Its funny how events that we anticipate so much can turn out so unexpectedly. Pretty much since I’ve started working, I’ve been looking forward to the day that I’d have the means to quit working and travel. For two years, I’ve been envisioning my last day of work, anticipating the excitement that accompanies the realization of freedom. I had it all figured out in my head, it fit right into our story: our trip was sticking it to “the man,” escaping cubicle life for the refuge of the road, my last day of work was to be my emancipation from corporate slavery. I guess my expectations were a bit too dramatic, idealistic, yet also cynical.
My last days of work were actually pretty fun. They reminded me of all things I would actually miss. I didn’t want to stick anything to the man. The man actually gave me an opportunity, which helped me learn and grow. And my cubicle wasn’t so bad. In fact I liked it. Talking and joking all day with my work buddies. Throwing promotional foam balls at each other all day. And work wasn’t even close to slavery. Some, locked in contracts, would say indentured servitude, but I enjoyed my job. King Solomon of ancient Israel once wrote, “there is nothing better for a man than to enjoy his work.” (Ecclesiastes 3:22)

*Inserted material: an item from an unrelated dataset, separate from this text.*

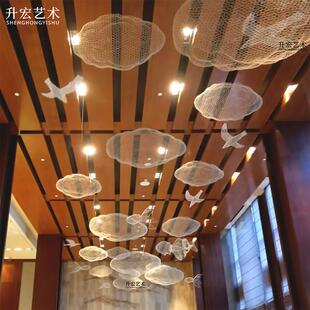 云朵飞鸟幼儿园商场店铺天花板空中吊饰吊顶装饰悬挂创意挂件挂饰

Don’t get me wrong, I’m excited to be done working. But the end of work was more like the end of college. Of course, nobody misses the lectures, papers, labs, deadlines, and so on. But its tough to say goodbye to the lifestyle, the parties, and the friends. Likewise, I’m going to miss the perks, the parties, and my friends. As far as my last week itself, the guys threw me a great party. I came into the office this morning to many kind cards, emails, and words. And like all Friday afternoons, I went out for lunch, in what’s become known as Pitcher Fridays. It was a great finale. It was perfect- just me and my four best work buds. There’s nothing else I’d rather do on Friday afternoons and no better way I could have concluded my time.